Teams also receive local revenues from suite sales, advertising, parking, and concessions. These revenues can vary quite a bit by team, but from the leaked documents we can estimate they will be around $20 million. Clubs also receive money that is grouped to together and split equally among all 30 teams from merchandising, MLB Advanced Media, and international broadcast agreements, which amounts to a few million dollars. All told, this puts the Royals revenues around $238 million, although that could be much more depending on how much the team generates in ticket revenues for 2016. These numbers are consistent with what Forbes estimated before the 2015 season.

Expenses

The Royals have increased payroll by nearly 17% to $132 million for Opening Day, although they could save up to $6 million on Jason Vargas' salary since it is insured against injury.  On top of that, teams have to pay for health care, pension obligations, social security contributions, unemployment, worker's compensation and other various labor expenses that run about $10 million per year. Clubs also have non-player expenses to run a ballclub, such as other employee salaries, stadium expenses, travel expenses, the costs of operating minor league teams, scouting, player development costs, and marketing. Based on the leaked documents, we can see that these expenses generally run about $90-$100 million.

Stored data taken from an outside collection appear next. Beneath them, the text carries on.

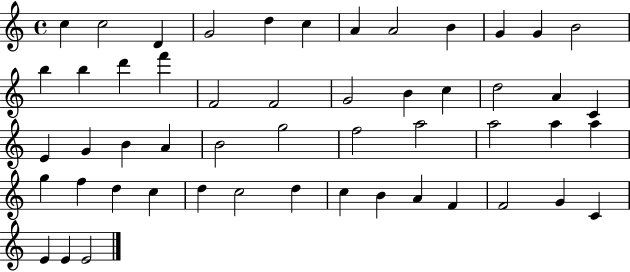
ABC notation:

X:1
T:Untitled
M:4/4
L:1/4
K:C
c c2 D G2 d c A A2 B G G B2 b b d' f' F2 F2 G2 B c d2 A C E G B A B2 g2 f2 a2 a2 a a g f d c d c2 d c B A F F2 G C E E E2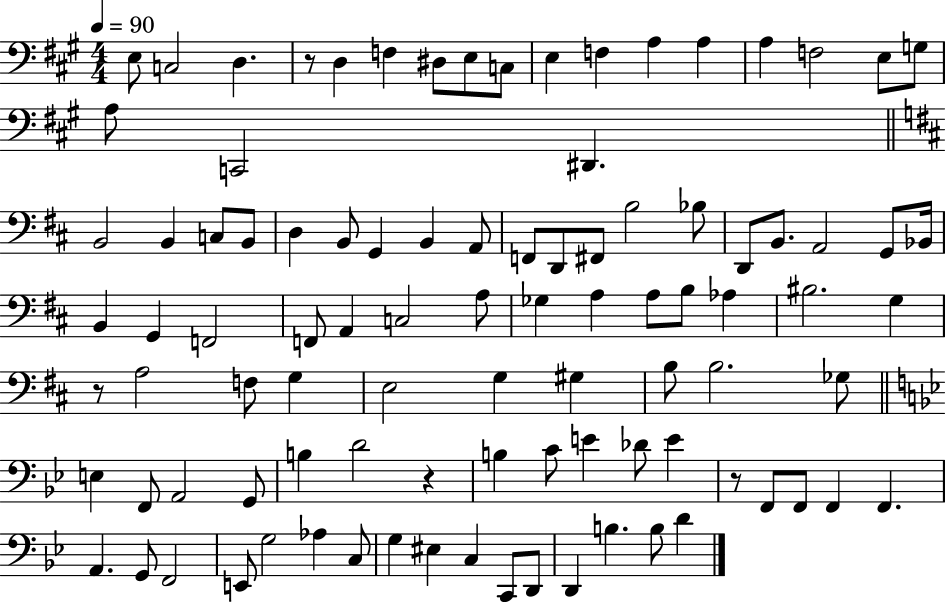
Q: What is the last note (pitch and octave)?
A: D4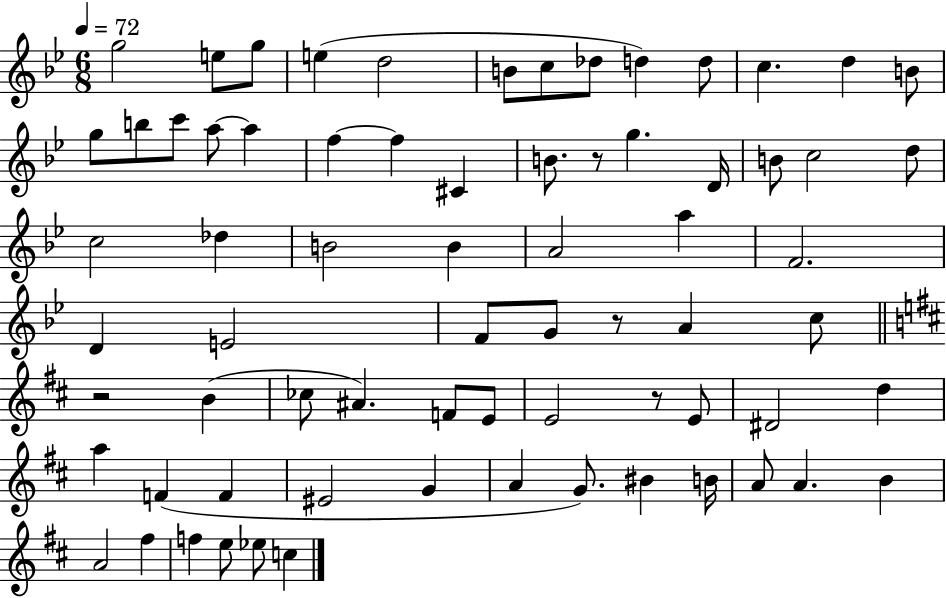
{
  \clef treble
  \numericTimeSignature
  \time 6/8
  \key bes \major
  \tempo 4 = 72
  \repeat volta 2 { g''2 e''8 g''8 | e''4( d''2 | b'8 c''8 des''8 d''4) d''8 | c''4. d''4 b'8 | \break g''8 b''8 c'''8 a''8~~ a''4 | f''4~~ f''4 cis'4 | b'8. r8 g''4. d'16 | b'8 c''2 d''8 | \break c''2 des''4 | b'2 b'4 | a'2 a''4 | f'2. | \break d'4 e'2 | f'8 g'8 r8 a'4 c''8 | \bar "||" \break \key d \major r2 b'4( | ces''8 ais'4.) f'8 e'8 | e'2 r8 e'8 | dis'2 d''4 | \break a''4 f'4( f'4 | eis'2 g'4 | a'4 g'8.) bis'4 b'16 | a'8 a'4. b'4 | \break a'2 fis''4 | f''4 e''8 ees''8 c''4 | } \bar "|."
}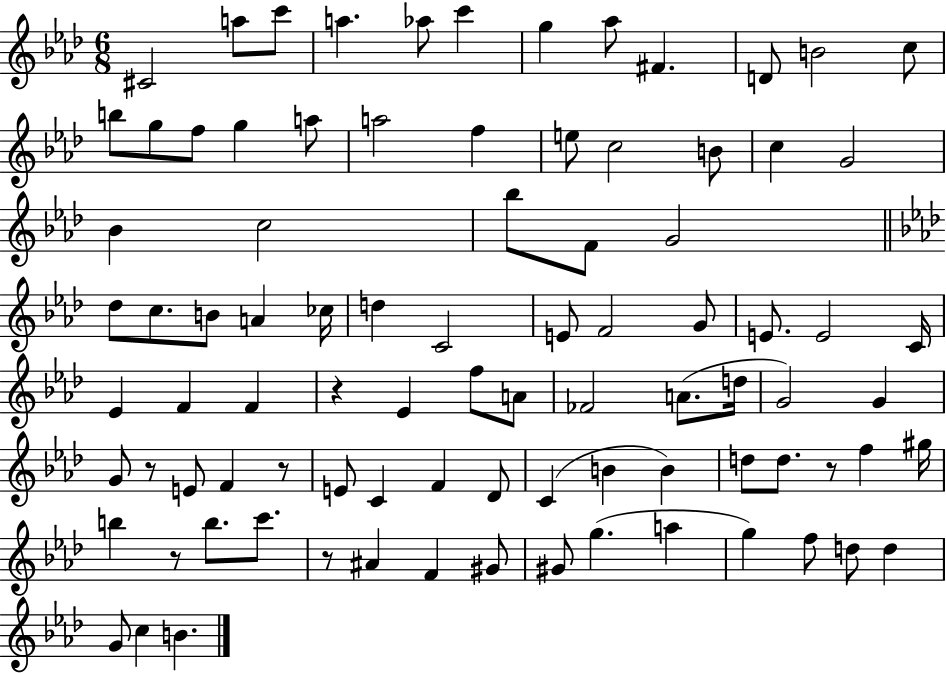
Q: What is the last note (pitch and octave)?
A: B4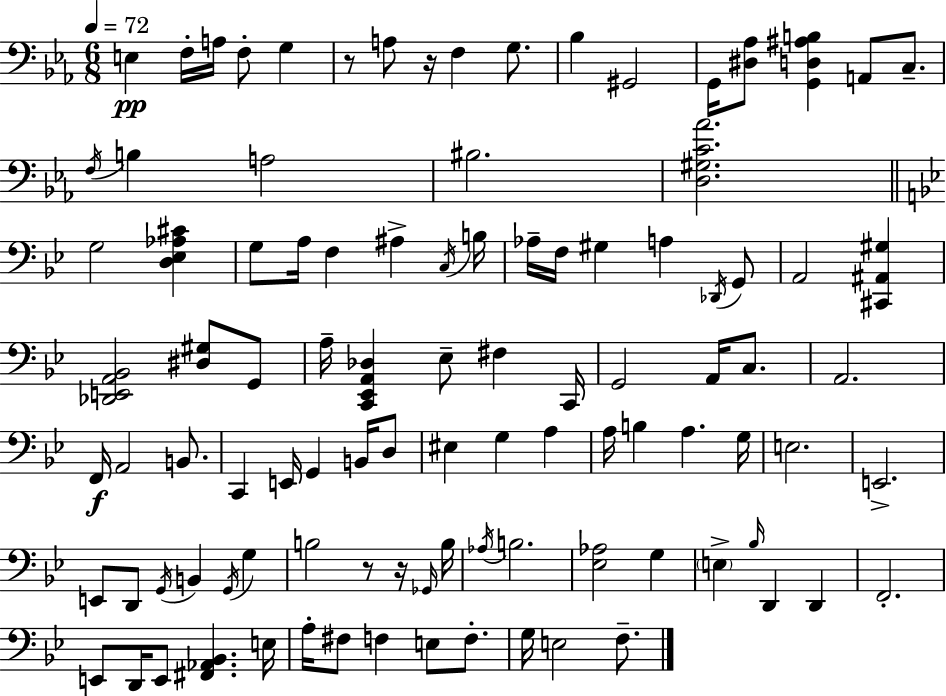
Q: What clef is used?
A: bass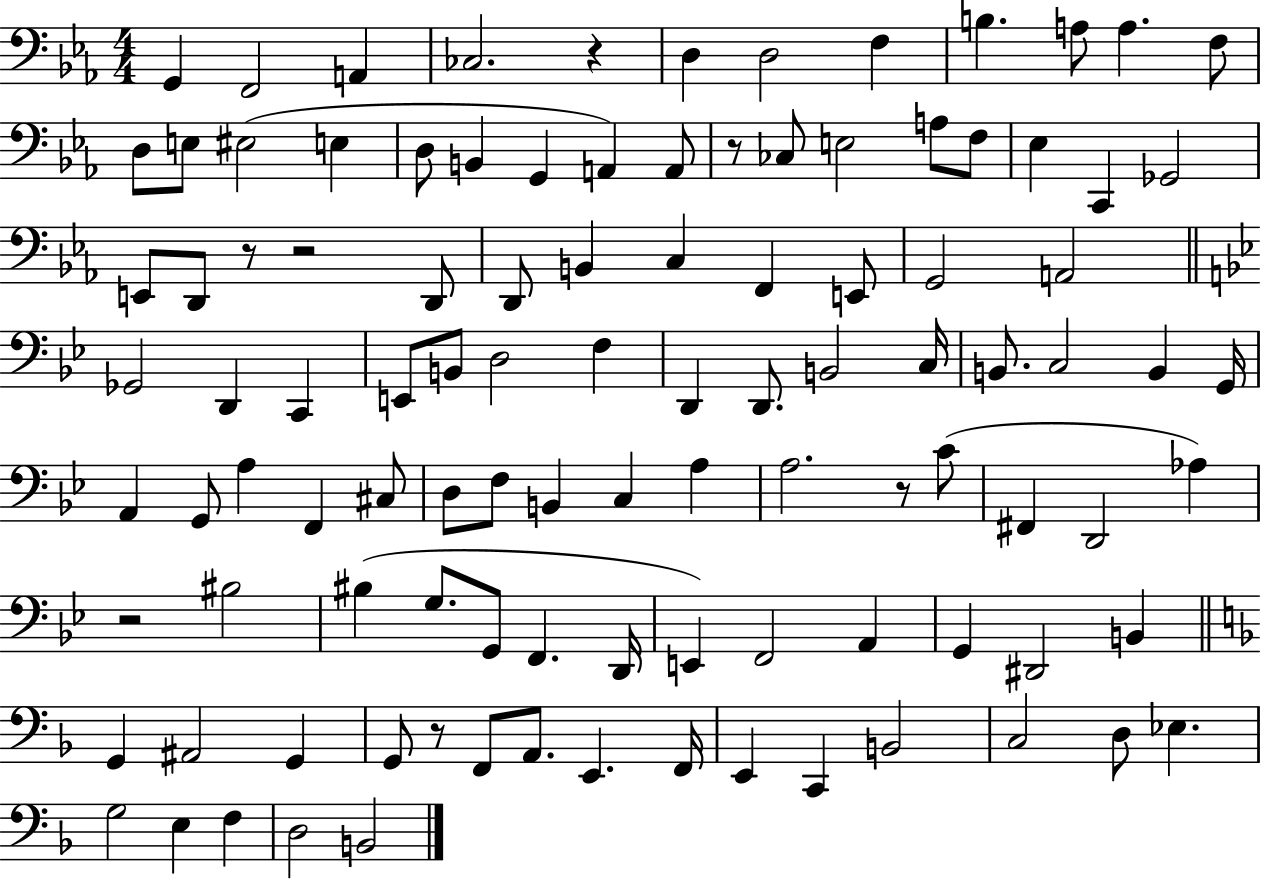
{
  \clef bass
  \numericTimeSignature
  \time 4/4
  \key ees \major
  g,4 f,2 a,4 | ces2. r4 | d4 d2 f4 | b4. a8 a4. f8 | \break d8 e8 eis2( e4 | d8 b,4 g,4 a,4) a,8 | r8 ces8 e2 a8 f8 | ees4 c,4 ges,2 | \break e,8 d,8 r8 r2 d,8 | d,8 b,4 c4 f,4 e,8 | g,2 a,2 | \bar "||" \break \key bes \major ges,2 d,4 c,4 | e,8 b,8 d2 f4 | d,4 d,8. b,2 c16 | b,8. c2 b,4 g,16 | \break a,4 g,8 a4 f,4 cis8 | d8 f8 b,4 c4 a4 | a2. r8 c'8( | fis,4 d,2 aes4) | \break r2 bis2 | bis4( g8. g,8 f,4. d,16 | e,4) f,2 a,4 | g,4 dis,2 b,4 | \break \bar "||" \break \key d \minor g,4 ais,2 g,4 | g,8 r8 f,8 a,8. e,4. f,16 | e,4 c,4 b,2 | c2 d8 ees4. | \break g2 e4 f4 | d2 b,2 | \bar "|."
}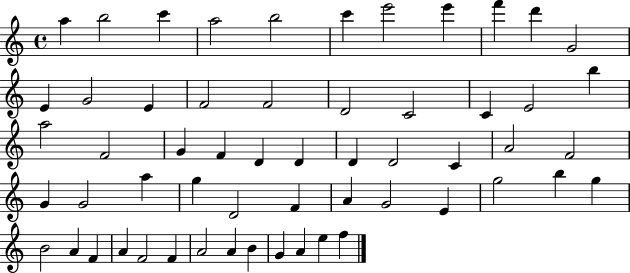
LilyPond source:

{
  \clef treble
  \time 4/4
  \defaultTimeSignature
  \key c \major
  a''4 b''2 c'''4 | a''2 b''2 | c'''4 e'''2 e'''4 | f'''4 d'''4 g'2 | \break e'4 g'2 e'4 | f'2 f'2 | d'2 c'2 | c'4 e'2 b''4 | \break a''2 f'2 | g'4 f'4 d'4 d'4 | d'4 d'2 c'4 | a'2 f'2 | \break g'4 g'2 a''4 | g''4 d'2 f'4 | a'4 g'2 e'4 | g''2 b''4 g''4 | \break b'2 a'4 f'4 | a'4 f'2 f'4 | a'2 a'4 b'4 | g'4 a'4 e''4 f''4 | \break \bar "|."
}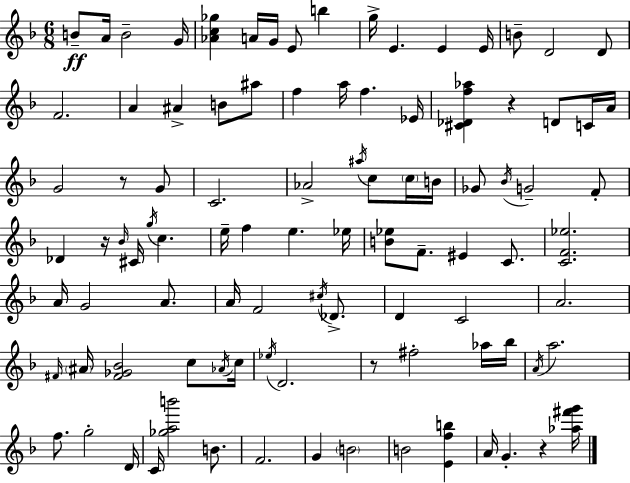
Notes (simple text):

B4/e A4/s B4/h G4/s [Ab4,C5,Gb5]/q A4/s G4/s E4/e B5/q G5/s E4/q. E4/q E4/s B4/e D4/h D4/e F4/h. A4/q A#4/q B4/e A#5/e F5/q A5/s F5/q. Eb4/s [C#4,Db4,F5,Ab5]/q R/q D4/e C4/s A4/s G4/h R/e G4/e C4/h. Ab4/h A#5/s C5/e C5/s B4/s Gb4/e Bb4/s G4/h F4/e Db4/q R/s Bb4/s C#4/s G5/s C5/q. E5/s F5/q E5/q. Eb5/s [B4,Eb5]/e F4/e. EIS4/q C4/e. [C4,F4,Eb5]/h. A4/s G4/h A4/e. A4/s F4/h C#5/s Db4/e. D4/q C4/h A4/h. F#4/s A#4/s [F#4,Gb4,Bb4]/h C5/e Ab4/s C5/s Eb5/s D4/h. R/e F#5/h Ab5/s Bb5/s A4/s A5/h. F5/e. G5/h D4/s C4/s [Gb5,A5,B6]/h B4/e. F4/h. G4/q B4/h B4/h [E4,F5,B5]/q A4/s G4/q. R/q [Ab5,F#6,G6]/s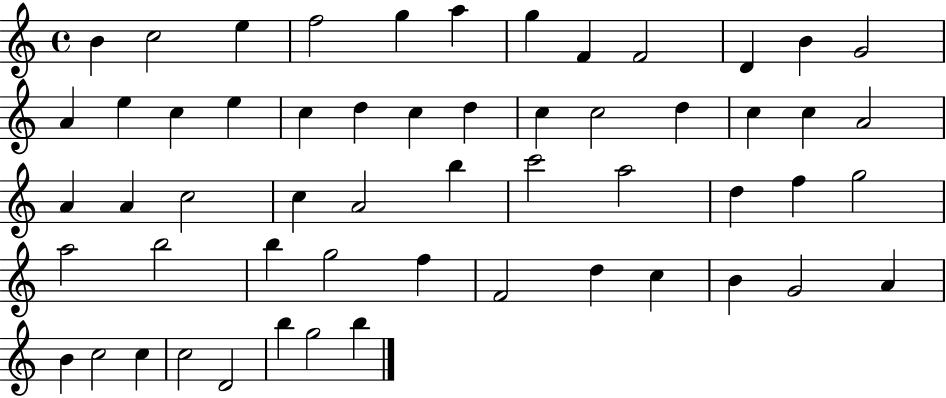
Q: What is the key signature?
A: C major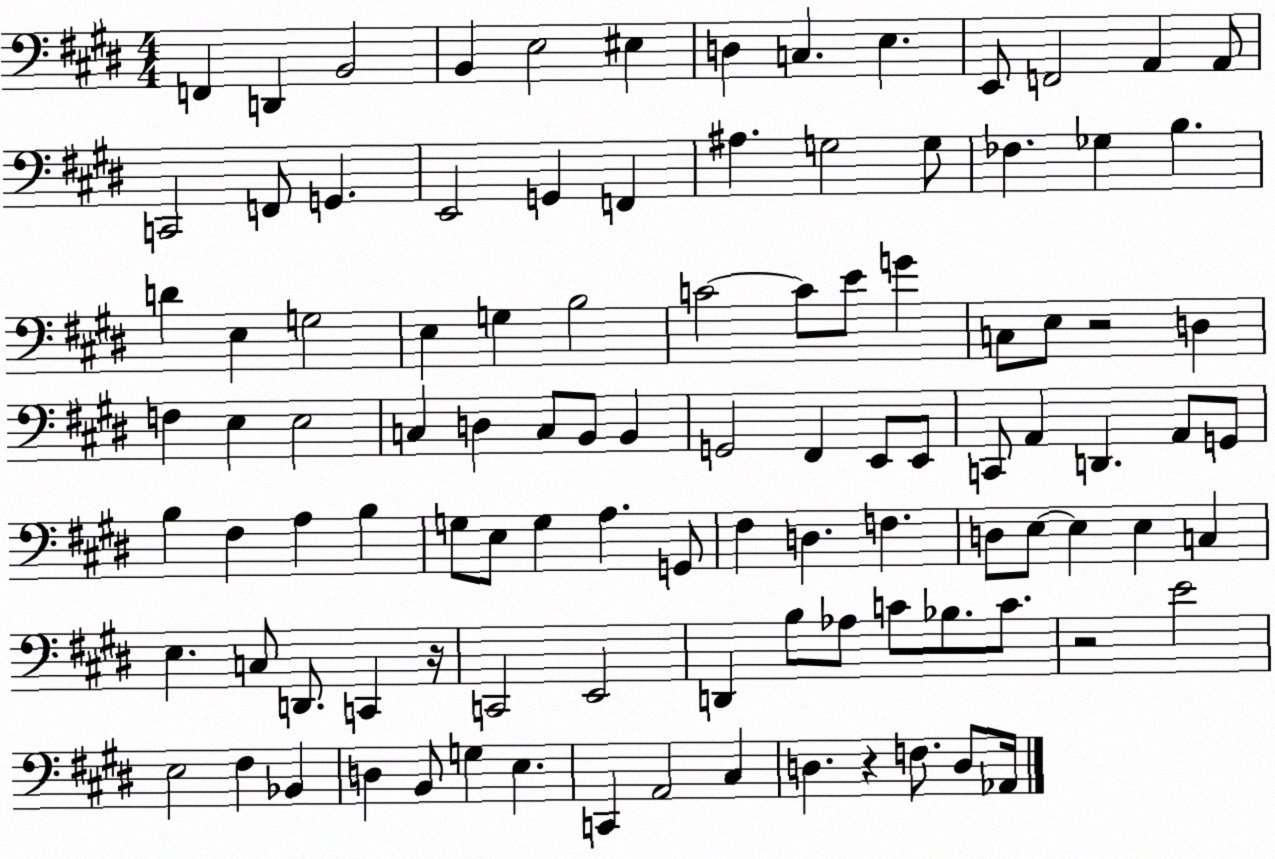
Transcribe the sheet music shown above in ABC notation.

X:1
T:Untitled
M:4/4
L:1/4
K:E
F,, D,, B,,2 B,, E,2 ^E, D, C, E, E,,/2 F,,2 A,, A,,/2 C,,2 F,,/2 G,, E,,2 G,, F,, ^A, G,2 G,/2 _F, _G, B, D E, G,2 E, G, B,2 C2 C/2 E/2 G C,/2 E,/2 z2 D, F, E, E,2 C, D, C,/2 B,,/2 B,, G,,2 ^F,, E,,/2 E,,/2 C,,/2 A,, D,, A,,/2 G,,/2 B, ^F, A, B, G,/2 E,/2 G, A, G,,/2 ^F, D, F, D,/2 E,/2 E, E, C, E, C,/2 D,,/2 C,, z/4 C,,2 E,,2 D,, B,/2 _A,/2 C/2 _B,/2 C/2 z2 E2 E,2 ^F, _B,, D, B,,/2 G, E, C,, A,,2 ^C, D, z F,/2 D,/2 _A,,/4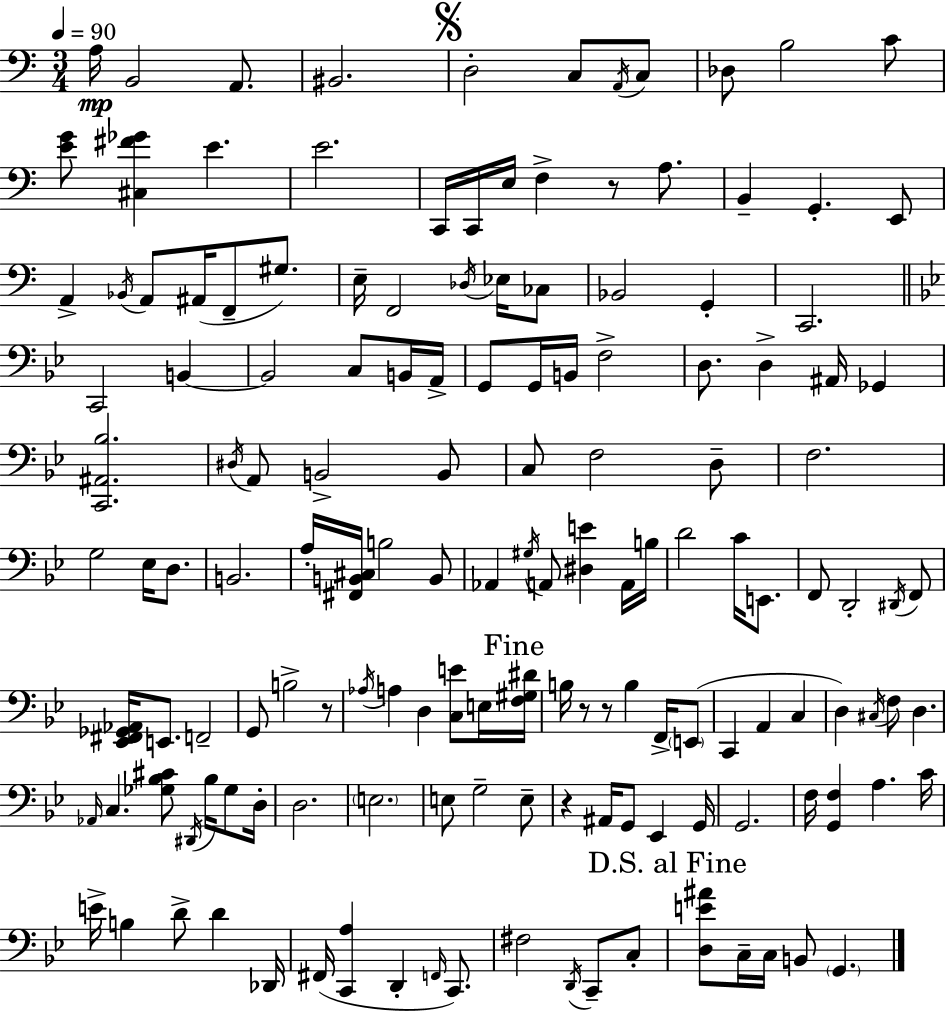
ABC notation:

X:1
T:Untitled
M:3/4
L:1/4
K:Am
A,/4 B,,2 A,,/2 ^B,,2 D,2 C,/2 A,,/4 C,/2 _D,/2 B,2 C/2 [EG]/2 [^C,^F_G] E E2 C,,/4 C,,/4 E,/4 F, z/2 A,/2 B,, G,, E,,/2 A,, _B,,/4 A,,/2 ^A,,/4 F,,/2 ^G,/2 E,/4 F,,2 _D,/4 _E,/4 _C,/2 _B,,2 G,, C,,2 C,,2 B,, B,,2 C,/2 B,,/4 A,,/4 G,,/2 G,,/4 B,,/4 F,2 D,/2 D, ^A,,/4 _G,, [C,,^A,,_B,]2 ^D,/4 A,,/2 B,,2 B,,/2 C,/2 F,2 D,/2 F,2 G,2 _E,/4 D,/2 B,,2 A,/4 [^F,,B,,^C,]/4 B,2 B,,/2 _A,, ^G,/4 A,,/2 [^D,E] A,,/4 B,/4 D2 C/4 E,,/2 F,,/2 D,,2 ^D,,/4 F,,/2 [_E,,^F,,_G,,_A,,]/4 E,,/2 F,,2 G,,/2 B,2 z/2 _A,/4 A, D, [C,E]/2 E,/4 [F,^G,^D]/4 B,/4 z/2 z/2 B, F,,/4 E,,/2 C,, A,, C, D, ^C,/4 F,/2 D, _A,,/4 C, [_G,_B,^C]/2 ^D,,/4 _B,/4 _G,/2 D,/4 D,2 E,2 E,/2 G,2 E,/2 z ^A,,/4 G,,/2 _E,, G,,/4 G,,2 F,/4 [G,,F,] A, C/4 E/4 B, D/2 D _D,,/4 ^F,,/4 [C,,A,] D,, F,,/4 C,,/2 ^F,2 D,,/4 C,,/2 C,/2 [D,E^A]/2 C,/4 C,/4 B,,/2 G,,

Teams can also have debt obligations. The Royals should not have any debt obligations as the team was purchased in 2000 for $96 million, and only contributed $25 million towards stadium renovations in 2007, but we don't know for certain if they are free from debt payments.

Revenues (in millions) Expenses (in millions)
Ticket sales $88 Player payroll $132
Local TV (FSKC) $20 Other player expenses $10
National TV/Revenue sharing $100 Non-player expenses $100
Other revenues $30
$238 $242

Conclusion

These are all estimates using the little information that has been made public, but it looks like the Royals will likely be around a break-even point, depending on how ticket revenues go. That could change if the Royals make a mid-season acquisition that takes on more in player payroll, and of course, they could be quite profitable if they go on another deep playoff run. From the leaked documents, we see the Rays generated $17 million in revenues from their pennant in 2008, with $6 million in expenses in October, leaving an $11 million profit. That is consistent with Mellinger's reporting that the Royals reap $1 million in profit for each post-season game they host.

All of this is underscored by the fact the value in the franchise has skyrocketed since David Glass bought the team for $96 million fifteen years ago. Forbes estimates the value of the franchise at $700 million, although Glass will not enjoy that money until he sells the club, which he may never do. We should also remember the team operated with very low payrolls for several seasons while the team was rebuilding, likely generating much greater profits for the Glass family.

Few fans would quibble with David Glass turning a profit on the ballclub, they are a profit-making business, after all. The more profits they can make, the likelier it is that Kansas City is able to retain a Major League franchise. But it is interesting that while baseball itself likes to crow about record revenues, individual clubs are much more modest. No team ever likes to brag it is making money. Instead they cry poor at how much money they will lose in the upcoming season. Don't cry for David Glass, he is doing fine. The Royals are doing fine. And Royals fans are doing fine as long as the team keeps winning.